《翻訳資料》
陵辱の材料および手段としての
占領監獄におけるイラク人女性
イラク占領監視センター エマン・アーメド・ハーマス


■署名事務局コメント
(1) ここに翻訳したのは、イラクで米軍の戦争犯罪、数々の違法行為を調査し告発している「イラク占領監視センター」の元所長エマン・アーメド・ハーマスさんの調査報告です。報告はアムネスティ・インターナショナルの協力を得て、ルサファをはじめイラク各地にある米軍収容所で拷問・虐待された被害者に対する直接の取材に基づいたものです。ここには男女の拘留者、特に女性拘留者の実際の体験記録が証言として記録されています。

 報告にありますが、すぐに目が付くのは著しい取材の困難です。一般に日本や西側社会でもレイプなどの性犯罪は被害者側のあまりにもの屈辱と衝撃のために証言を得にくいのが普通です。ましてやイスラム教が支配的なイラク社会、イラク人女性が置かれている社会的、心理的、文化的に劣悪な地位が障害になって、更にはその下で性的拷問・虐待を被るということの深刻さは容易に想像が付きます。
 その意味でこの報告は、こうした凄まじい非難や不利益を覚悟して証言をした被害者の勇気と米の占領の不条理への怒りを身を持って示すものであるとともに、米軍の妨害や抑圧をはね除けて取材を行ったハーマスさんらの粘り強く真摯な姿勢によって、初めて結実した非常に貴重なものです。


(2) 私たちは米大統領選を目前に控えたこの10月、今年4月末に暴露され全世界を騒然とさせた米軍によるアブグレイブでの拷問・虐待・虐殺事件を告発する新刊『アブグレイブ:ブッシュ政権中枢の第一級の国家戦争犯罪』を緊急出版しました。
 その第T部「実態編」において、まさにこのエマンさんの当該報告を「イラク人女性に対する拷問・虐待」の典型的な実例を告発するものとして参考にしました。しかしそれ以外、このパンフレットで明らかにできたのはほとんど米欧のメディアからの、米軍筋、米CIA筋からリークされた映像や証言が中心でした。すなわち加害者側の証言でした。

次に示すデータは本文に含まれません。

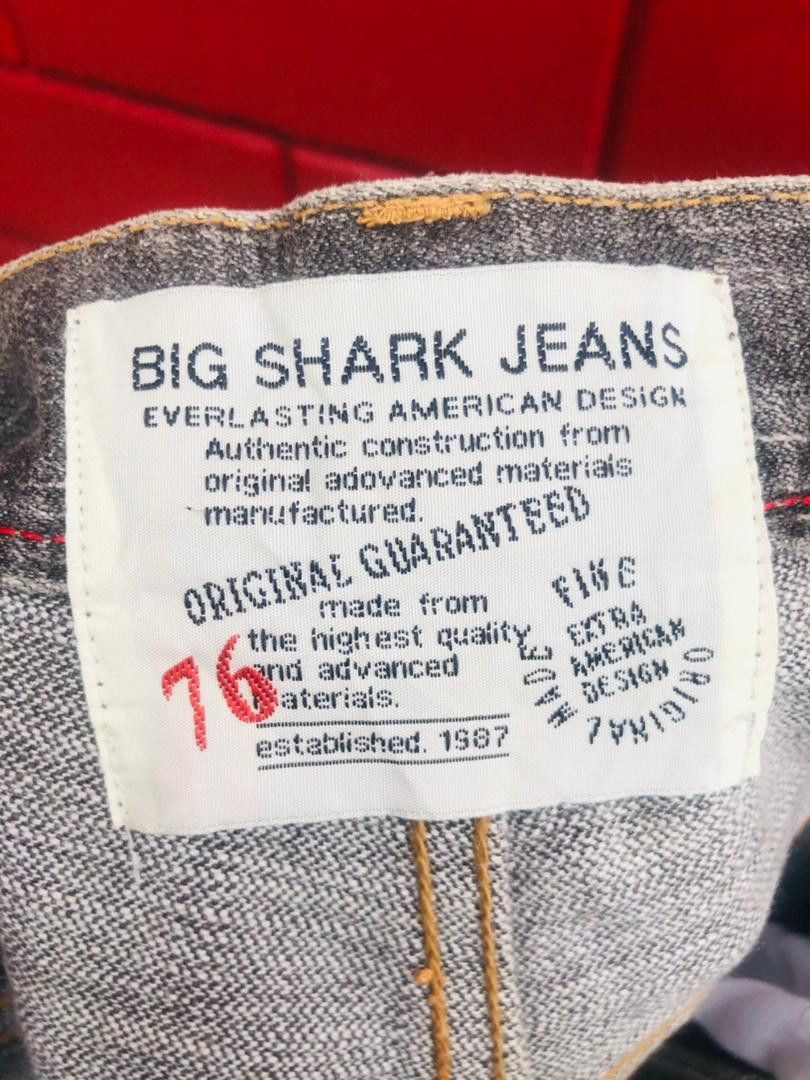 Japanese Brand Vintage Big Shark Japanese Designer fashion Style Size US 30 / EU 46 - 9 Thumbnail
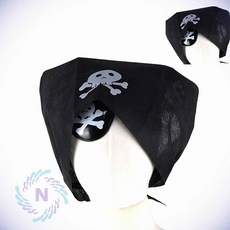 할로윈 해적두건 세트 블랙 해적안대 애꾸눈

 この翻訳資料、エマンさんの仕事が重要かつ貴重なのは、拷問・虐待されたイラク人の側、被害者の側からの証言だからです。私たちはここでエマンさんが強調する幾つかの特徴について触れておきたいと思います。
−−イラク人女性拘束者は“二重の拷問・虐待”を受けているということ。まず最初に監獄の中での実際の拷問・虐待であり、次に釈放されてからイラク社会の中での目に見えない拷問・虐待です。彼女らは2度と元通りに復帰できないのです。
−−イラク人女性への拷問・虐待は、夫や兄弟、その他男性拘束者一般への拷問・虐待の手段として使われているということです。女性とその人格の徹底的な陵辱と蹂躙は、イラクおよび中東、アラブ・イスラムの社会、文化、価値観そのものの破壊につながるものなのです。
−−また逮捕された13人の逮捕理由が、レジスタンスへの資金提供、レジスタンス、更には反占領集会への参加までに渡っていること、旧バース党員・その家族・知人にまで広がっていることです。明らかに集会・結社の自由、思想・信条の自由の否定であり蹂躙です。初歩的な民主主義もない「独裁国家」、これが現在のイラクなのです。米軍が吹聴する宣伝文句「イラク人の解放」「イラクの自由」などとんでもありません。(エマンさんの調査は米軍が直接支配する暫定占領当局・CPAの時期でしたが、基本的には米軍支配は今も変わりません。しかも今はCIAのエージェントであるアラウィが牛耳る「暫定政府」という傀儡政権が「非常事態宣言」を出す文字通りの「軍事独裁国家」なのです)
『アブグレイブ:ブッシュ政権中枢第一級の国家戦争犯罪――「対テロ戦争」=先制攻撃戦略に組み込まれた組織的虐待・拷問・虐殺システム――』


(3) 「アブグレイブ」は過去の問題ではない−−私たちは声を大にして強調したいと思います。報道されなくなっただけで、実際には全く逆です。来年1月の新たな傀儡政権づくりの似非選挙を強行するために反米・反占領レジスタンスの一網打尽を狙っているからです。米軍による拷問・虐待・虐殺は、間違いなくますますひどくなっているはずです。現に今回のファルージャ攻撃では、前代未聞の大量虐殺が行われ、廃墟となった市内では残忍な掃討作戦が繰り広げられています。更に大量の拘束者が出ており、彼ら拘束者はおそらく想像を絶する拷問と虐待、あるいは虐殺をされています。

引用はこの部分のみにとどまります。